### Your task
Please return only the lines from the one holding "The Bravest Voices: A Memoi..." through the one holding "QUESTION 3 >", exactly as they appear in the records below, both ends included.
=== The input ===
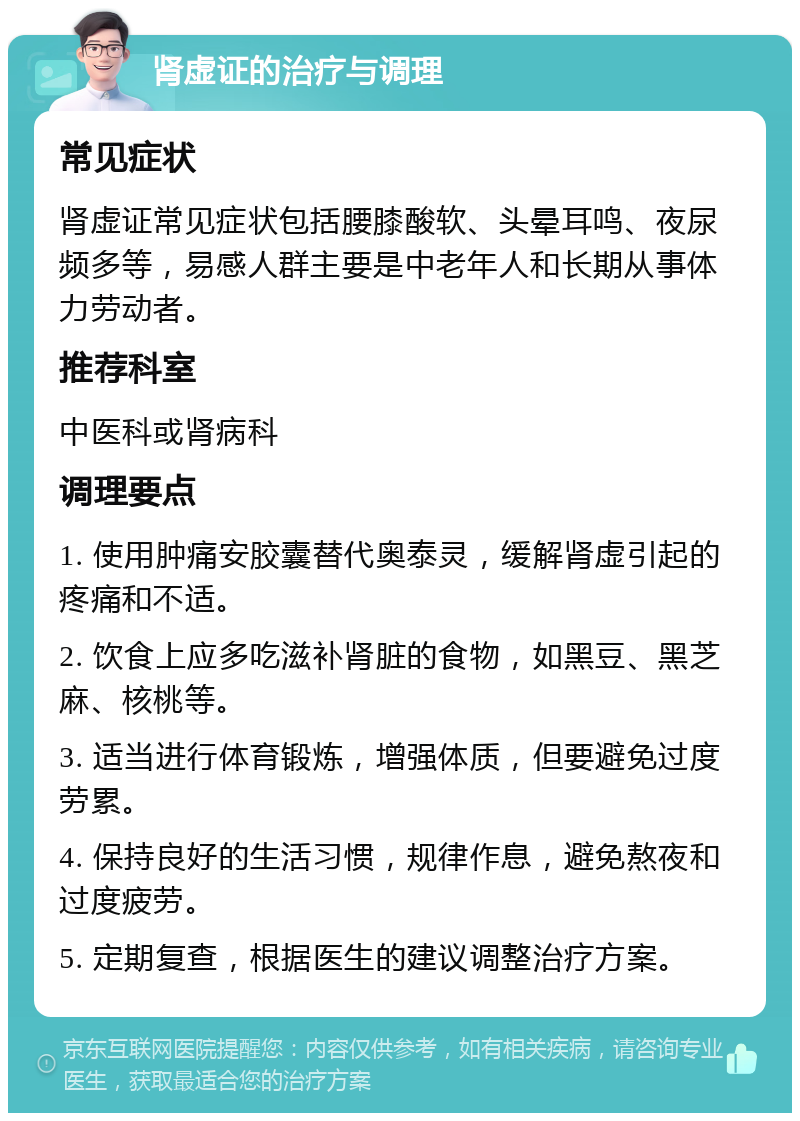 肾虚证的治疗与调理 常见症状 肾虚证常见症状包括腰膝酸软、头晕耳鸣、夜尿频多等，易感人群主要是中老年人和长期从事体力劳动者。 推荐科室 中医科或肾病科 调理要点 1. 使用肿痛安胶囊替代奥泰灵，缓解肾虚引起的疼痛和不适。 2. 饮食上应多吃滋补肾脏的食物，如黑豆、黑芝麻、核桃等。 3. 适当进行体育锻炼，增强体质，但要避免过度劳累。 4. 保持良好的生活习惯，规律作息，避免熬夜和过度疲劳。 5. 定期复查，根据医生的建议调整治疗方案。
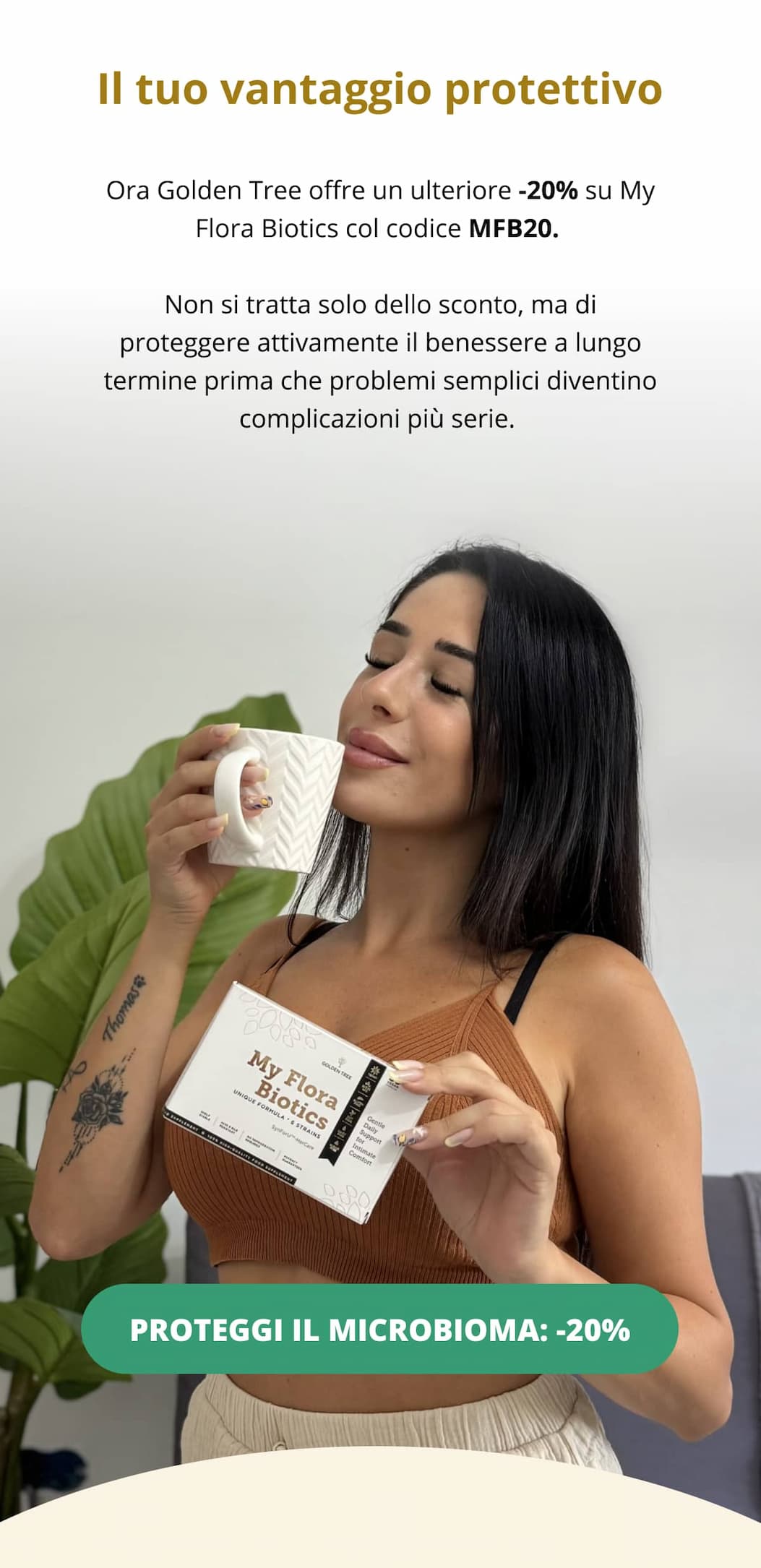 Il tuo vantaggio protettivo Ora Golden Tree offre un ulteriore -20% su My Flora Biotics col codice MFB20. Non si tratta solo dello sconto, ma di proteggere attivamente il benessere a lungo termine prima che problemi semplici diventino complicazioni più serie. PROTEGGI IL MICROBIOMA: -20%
===
=== The input ===
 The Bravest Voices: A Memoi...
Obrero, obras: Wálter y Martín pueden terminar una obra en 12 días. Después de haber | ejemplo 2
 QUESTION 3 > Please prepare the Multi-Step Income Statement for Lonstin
===
### Reply
 The Bravest Voices: A Memoi...
Obrero, obras: Wálter y Martín pueden terminar una obra en 12 días. Después de haber | ejemplo 2
 QUESTION 3 > Please prepare the Multi-Step Income Statement for Lonstin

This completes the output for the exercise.